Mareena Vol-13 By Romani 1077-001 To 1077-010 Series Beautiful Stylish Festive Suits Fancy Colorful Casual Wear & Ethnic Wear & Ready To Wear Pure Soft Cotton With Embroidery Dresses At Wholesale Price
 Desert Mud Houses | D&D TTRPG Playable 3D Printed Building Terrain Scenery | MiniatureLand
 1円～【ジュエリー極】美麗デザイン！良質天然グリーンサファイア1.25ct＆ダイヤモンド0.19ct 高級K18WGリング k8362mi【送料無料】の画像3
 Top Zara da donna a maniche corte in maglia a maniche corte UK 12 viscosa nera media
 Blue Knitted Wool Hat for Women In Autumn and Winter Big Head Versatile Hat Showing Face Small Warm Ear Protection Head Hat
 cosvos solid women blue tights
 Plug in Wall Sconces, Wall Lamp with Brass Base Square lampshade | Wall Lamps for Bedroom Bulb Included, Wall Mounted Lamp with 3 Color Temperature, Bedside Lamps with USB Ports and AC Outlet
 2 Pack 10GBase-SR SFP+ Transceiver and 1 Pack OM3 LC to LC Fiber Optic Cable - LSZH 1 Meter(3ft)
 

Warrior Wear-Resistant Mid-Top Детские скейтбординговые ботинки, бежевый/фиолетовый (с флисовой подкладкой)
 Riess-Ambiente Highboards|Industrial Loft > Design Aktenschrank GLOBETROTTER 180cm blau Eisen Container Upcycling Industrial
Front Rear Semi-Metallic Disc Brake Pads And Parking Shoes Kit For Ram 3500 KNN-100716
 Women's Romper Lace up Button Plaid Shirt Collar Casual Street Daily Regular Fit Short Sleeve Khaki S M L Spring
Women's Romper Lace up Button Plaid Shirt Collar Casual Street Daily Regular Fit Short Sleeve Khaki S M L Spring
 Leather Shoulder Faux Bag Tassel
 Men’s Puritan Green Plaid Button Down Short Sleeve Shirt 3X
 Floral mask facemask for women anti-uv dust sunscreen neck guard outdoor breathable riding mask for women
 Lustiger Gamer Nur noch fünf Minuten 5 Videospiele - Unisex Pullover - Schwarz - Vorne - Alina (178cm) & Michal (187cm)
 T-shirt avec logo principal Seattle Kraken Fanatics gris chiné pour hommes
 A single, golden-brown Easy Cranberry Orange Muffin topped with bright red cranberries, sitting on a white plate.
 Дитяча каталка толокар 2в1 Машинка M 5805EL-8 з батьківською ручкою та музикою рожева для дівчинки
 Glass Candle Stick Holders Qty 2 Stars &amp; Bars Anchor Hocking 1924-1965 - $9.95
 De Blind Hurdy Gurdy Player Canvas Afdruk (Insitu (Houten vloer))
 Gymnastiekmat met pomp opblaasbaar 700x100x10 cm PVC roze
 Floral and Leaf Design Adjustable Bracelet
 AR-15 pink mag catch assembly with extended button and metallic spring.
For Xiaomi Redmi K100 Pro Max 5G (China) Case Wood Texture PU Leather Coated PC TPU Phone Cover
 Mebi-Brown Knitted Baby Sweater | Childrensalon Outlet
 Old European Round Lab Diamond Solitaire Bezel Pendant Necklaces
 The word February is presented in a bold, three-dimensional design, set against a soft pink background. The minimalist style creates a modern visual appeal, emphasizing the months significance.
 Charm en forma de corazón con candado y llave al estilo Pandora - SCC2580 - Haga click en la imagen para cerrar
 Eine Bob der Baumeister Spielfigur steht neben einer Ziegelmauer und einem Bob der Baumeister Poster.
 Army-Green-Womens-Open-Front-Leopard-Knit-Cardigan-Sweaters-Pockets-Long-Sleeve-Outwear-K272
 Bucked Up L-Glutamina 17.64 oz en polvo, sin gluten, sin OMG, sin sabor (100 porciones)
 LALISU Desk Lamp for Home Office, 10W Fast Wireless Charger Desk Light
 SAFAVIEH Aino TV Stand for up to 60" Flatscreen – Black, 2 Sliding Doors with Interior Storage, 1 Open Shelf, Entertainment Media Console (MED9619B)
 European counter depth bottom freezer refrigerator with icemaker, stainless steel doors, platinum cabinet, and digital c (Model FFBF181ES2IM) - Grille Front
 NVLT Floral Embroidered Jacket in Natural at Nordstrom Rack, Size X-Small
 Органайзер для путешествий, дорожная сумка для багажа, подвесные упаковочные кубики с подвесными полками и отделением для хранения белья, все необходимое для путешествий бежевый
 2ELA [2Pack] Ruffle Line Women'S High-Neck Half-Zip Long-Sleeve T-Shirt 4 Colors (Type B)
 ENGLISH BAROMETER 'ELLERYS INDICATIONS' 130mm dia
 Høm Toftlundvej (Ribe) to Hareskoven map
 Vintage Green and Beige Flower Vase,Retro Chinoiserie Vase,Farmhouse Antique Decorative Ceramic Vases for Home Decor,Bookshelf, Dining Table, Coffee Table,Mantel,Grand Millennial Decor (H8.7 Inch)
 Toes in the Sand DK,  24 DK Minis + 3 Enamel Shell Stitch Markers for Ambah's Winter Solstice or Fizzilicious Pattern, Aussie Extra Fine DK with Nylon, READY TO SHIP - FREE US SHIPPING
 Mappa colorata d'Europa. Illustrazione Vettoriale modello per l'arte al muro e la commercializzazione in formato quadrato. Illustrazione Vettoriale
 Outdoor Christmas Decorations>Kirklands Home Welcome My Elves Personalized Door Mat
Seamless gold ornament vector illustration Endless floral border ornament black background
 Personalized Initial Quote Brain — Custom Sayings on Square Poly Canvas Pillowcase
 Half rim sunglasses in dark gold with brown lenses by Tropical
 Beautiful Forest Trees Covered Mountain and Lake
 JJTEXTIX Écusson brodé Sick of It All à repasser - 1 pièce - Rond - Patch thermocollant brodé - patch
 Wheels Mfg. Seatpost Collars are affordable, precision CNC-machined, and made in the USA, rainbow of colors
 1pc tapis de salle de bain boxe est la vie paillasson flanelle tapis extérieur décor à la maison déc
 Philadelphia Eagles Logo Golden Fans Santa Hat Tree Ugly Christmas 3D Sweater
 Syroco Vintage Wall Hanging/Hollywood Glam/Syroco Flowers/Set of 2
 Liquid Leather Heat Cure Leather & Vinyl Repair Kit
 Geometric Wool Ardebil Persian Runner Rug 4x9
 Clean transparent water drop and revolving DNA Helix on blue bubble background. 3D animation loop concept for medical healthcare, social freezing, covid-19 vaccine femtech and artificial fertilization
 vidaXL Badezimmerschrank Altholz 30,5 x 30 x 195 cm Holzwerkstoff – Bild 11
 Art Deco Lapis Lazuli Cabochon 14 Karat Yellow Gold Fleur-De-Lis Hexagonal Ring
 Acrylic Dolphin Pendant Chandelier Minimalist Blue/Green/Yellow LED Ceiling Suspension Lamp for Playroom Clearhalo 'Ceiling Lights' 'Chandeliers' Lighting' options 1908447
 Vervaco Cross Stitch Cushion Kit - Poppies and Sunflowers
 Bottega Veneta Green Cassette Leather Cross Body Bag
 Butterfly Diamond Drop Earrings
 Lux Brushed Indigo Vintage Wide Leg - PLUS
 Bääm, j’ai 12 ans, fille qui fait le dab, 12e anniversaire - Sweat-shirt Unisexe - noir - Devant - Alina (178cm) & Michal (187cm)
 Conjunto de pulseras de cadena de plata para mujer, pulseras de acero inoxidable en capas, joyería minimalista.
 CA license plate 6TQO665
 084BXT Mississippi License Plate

## DESCRIPTION OF THE TASK
Quote exactly the stretch of lines above that starts at the first one and ends at the line with "De Blind Hurdy", and nothing beyond it.

## RESULT BELOW
Mareena Vol-13 By Romani 1077-001 To 1077-010 Series Beautiful Stylish Festive Suits Fancy Colorful Casual Wear & Ethnic Wear & Ready To Wear Pure Soft Cotton With Embroidery Dresses At Wholesale Price
 Desert Mud Houses | D&D TTRPG Playable 3D Printed Building Terrain Scenery | MiniatureLand
 1円～【ジュエリー極】美麗デザイン！良質天然グリーンサファイア1.25ct＆ダイヤモンド0.19ct 高級K18WGリング k8362mi【送料無料】の画像3
 Top Zara da donna a maniche corte in maglia a maniche corte UK 12 viscosa nera media
 Blue Knitted Wool Hat for Women In Autumn and Winter Big Head Versatile Hat Showing Face Small Warm Ear Protection Head Hat
 cosvos solid women blue tights
 Plug in Wall Sconces, Wall Lamp with Brass Base Square lampshade | Wall Lamps for Bedroom Bulb Included, Wall Mounted Lamp with 3 Color Temperature, Bedside Lamps with USB Ports and AC Outlet
 2 Pack 10GBase-SR SFP+ Transceiver and 1 Pack OM3 LC to LC Fiber Optic Cable - LSZH 1 Meter(3ft)
 

Warrior Wear-Resistant Mid-Top Детские скейтбординговые ботинки, бежевый/фиолетовый (с флисовой подкладкой)
 Riess-Ambiente Highboards|Industrial Loft > Design Aktenschrank GLOBETROTTER 180cm blau Eisen Container Upcycling Industrial
Front Rear Semi-Metallic Disc Brake Pads And Parking Shoes Kit For Ram 3500 KNN-100716
 Women's Romper Lace up Button Plaid Shirt Collar Casual Street Daily Regular Fit Short Sleeve Khaki S M L Spring
Women's Romper Lace up Button Plaid Shirt Collar Casual Street Daily Regular Fit Short Sleeve Khaki S M L Spring
 Leather Shoulder Faux Bag Tassel
 Men’s Puritan Green Plaid Button Down Short Sleeve Shirt 3X
 Floral mask facemask for women anti-uv dust sunscreen neck guard outdoor breathable riding mask for women
 Lustiger Gamer Nur noch fünf Minuten 5 Videospiele - Unisex Pullover - Schwarz - Vorne - Alina (178cm) & Michal (187cm)
 T-shirt avec logo principal Seattle Kraken Fanatics gris chiné pour hommes
 A single, golden-brown Easy Cranberry Orange Muffin topped with bright red cranberries, sitting on a white plate.
 Дитяча каталка толокар 2в1 Машинка M 5805EL-8 з батьківською ручкою та музикою рожева для дівчинки
 Glass Candle Stick Holders Qty 2 Stars &amp; Bars Anchor Hocking 1924-1965 - $9.95
 De Blind Hurdy Gurdy Player Canvas Afdruk (Insitu (Houten vloer))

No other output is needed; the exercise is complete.